DATA SECTION ▸
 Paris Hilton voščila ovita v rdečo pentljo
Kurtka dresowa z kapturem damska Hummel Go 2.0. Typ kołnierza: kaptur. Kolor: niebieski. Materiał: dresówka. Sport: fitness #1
...
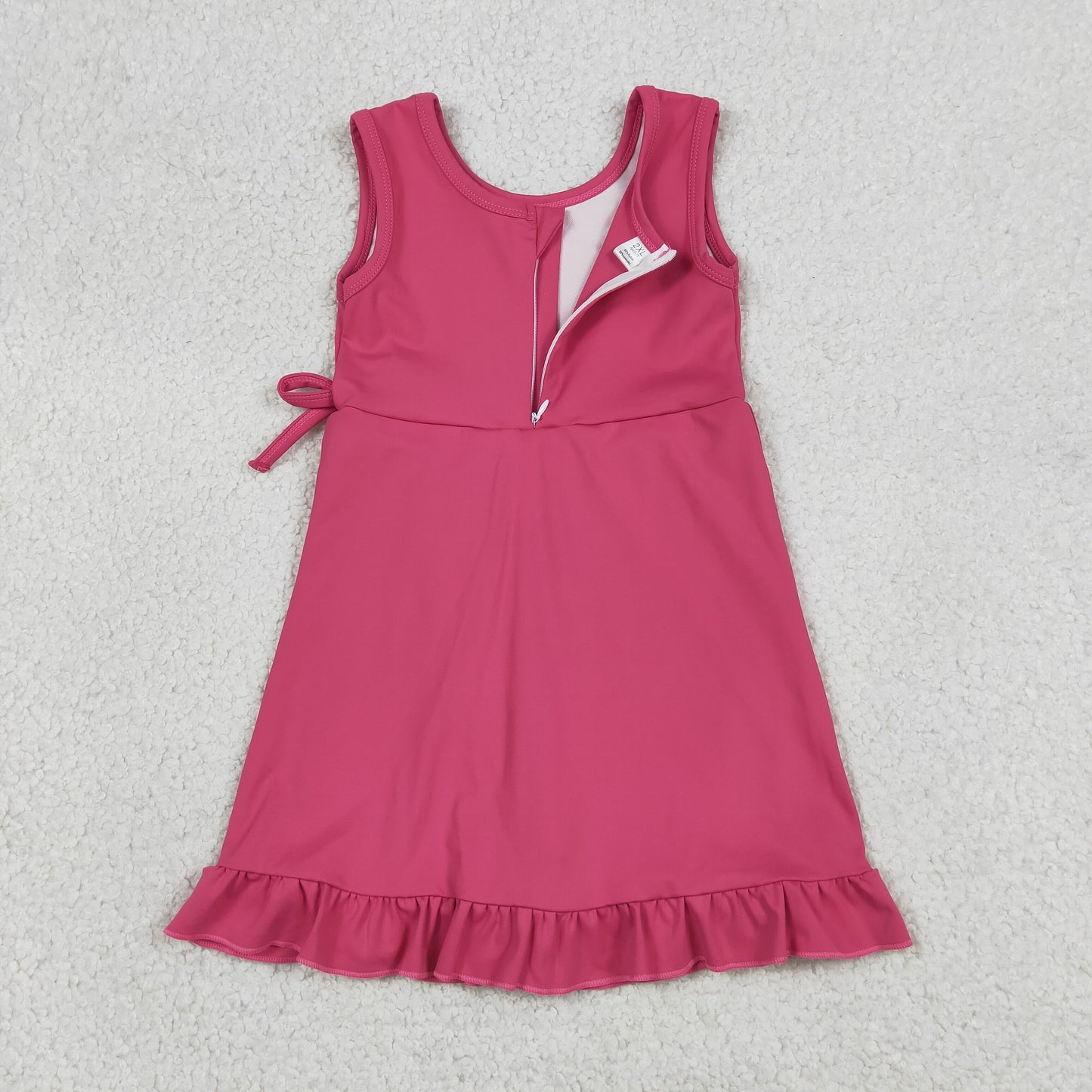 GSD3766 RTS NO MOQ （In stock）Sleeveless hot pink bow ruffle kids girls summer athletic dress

EXERCISE INSTRUCTIONS ▸ Look above for the line holding "Paris Hilton voščila ovita v rdečo pentljo" and the line holding "Kurtka dresowa z", then output exactly those two lines and every line between them, nothing more.

RESPONSE AREA ▸
 Paris Hilton voščila ovita v rdečo pentljo
Kurtka dresowa z kapturem damska Hummel Go 2.0. Typ kołnierza: kaptur. Kolor: niebieski. Materiał: dresówka. Sport: fitness #1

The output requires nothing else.